Top of Data supplied

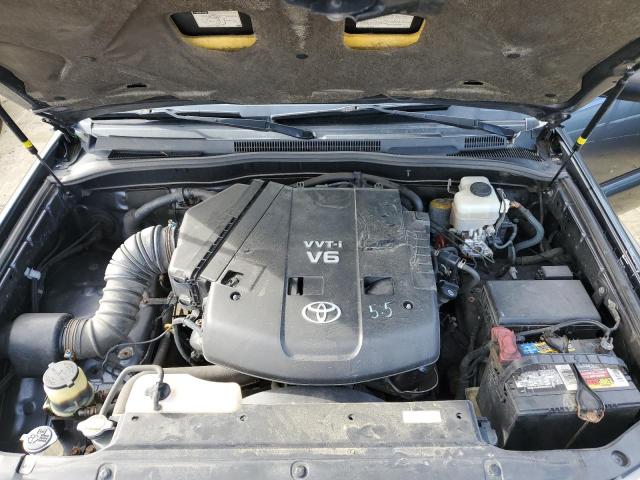 Photo 12 from auction – 2007 TOYOTA 4RUNNER SR with VIN JTEBU14R078100120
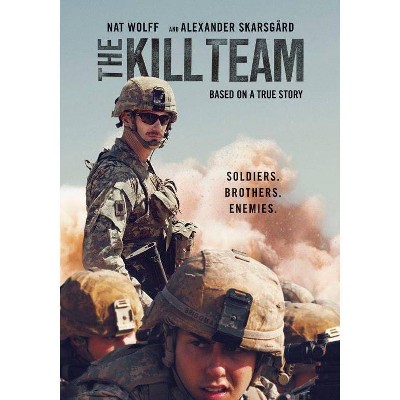 The Kill Team (DVD)(2019)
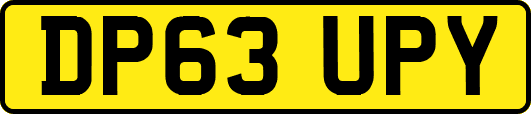 DP63UPY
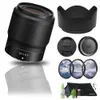 NIKKOR Z 50mm f/1.8 S...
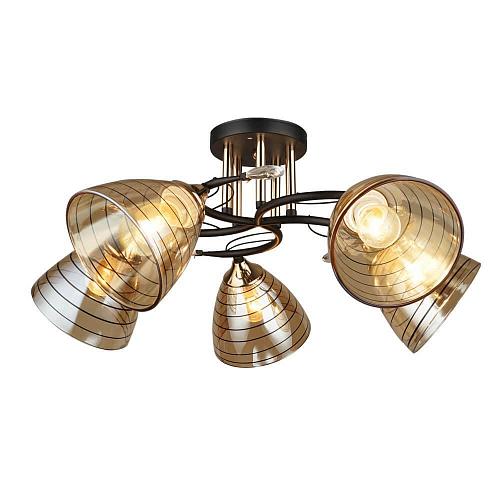 Потолочная люстра Wedo Light Бомпорто 66367.01.69.05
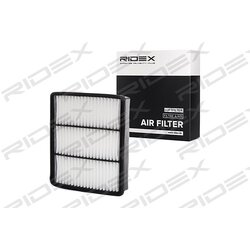 Filtre à air RIDEX 8A0467 pour PROTON, MITSUBISHI MD620737 RIDEX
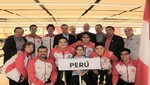 Se inauguró el Panamericano Masculino de Bowling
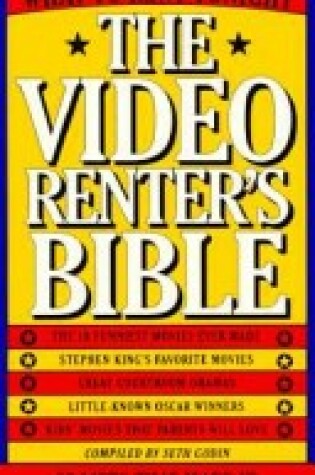 Cover of Video Renter's Bible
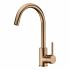 Robinet Monocomandă Rousseau 4060435 Rose Oțel inoxidabil Alamă
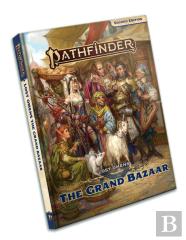 Pathfinder Lost Omens Grand Bazaar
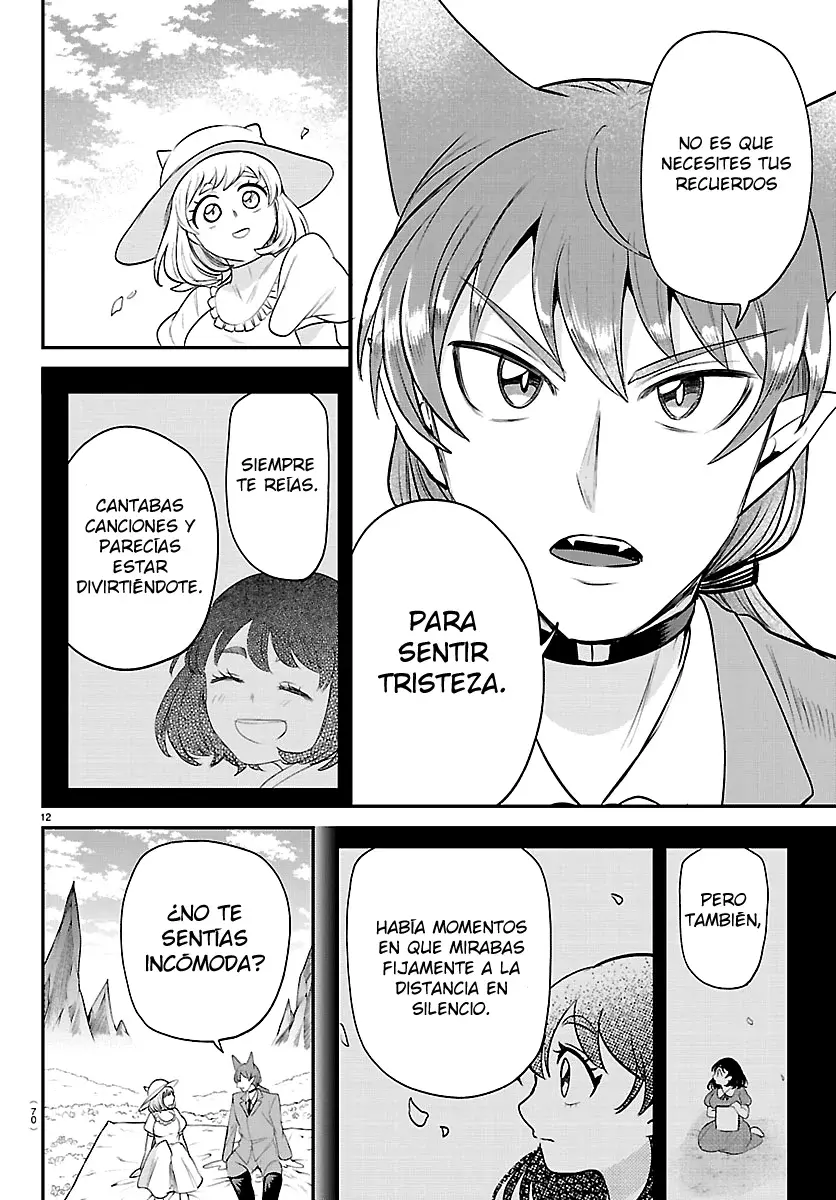 Mairimashita! Iruma-kun Capitulo 433 página 12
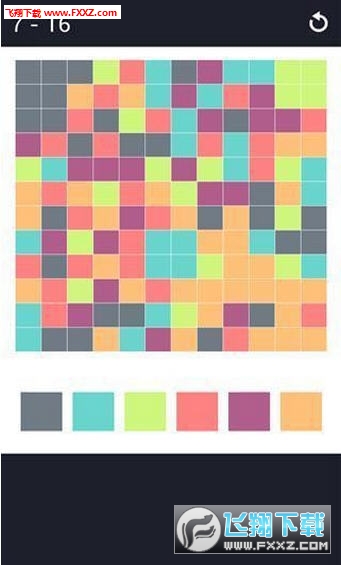 顏色泛濫手機版1.1.7免費版截圖0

Bottom of Data supplied

**What to produce**
Leave every picture out, and repeat exactly the lines from the one containing "Потолочная люстра Wedo" through the last line of the entries, both ends included.

**Output for this exercise**
 Потолочная люстра Wedo Light Бомпорто 66367.01.69.05
 Filtre à air RIDEX 8A0467 pour PROTON, MITSUBISHI MD620737 RIDEX
 Se inauguró el Panamericano Masculino de Bowling
 Cover of Video Renter's Bible
 Robinet Monocomandă Rousseau 4060435 Rose Oțel inoxidabil Alamă
 Pathfinder Lost Omens Grand Bazaar
 Mairimashita! Iruma-kun Capitulo 433 página 12
 顏色泛濫手機版1.1.7免費版截圖0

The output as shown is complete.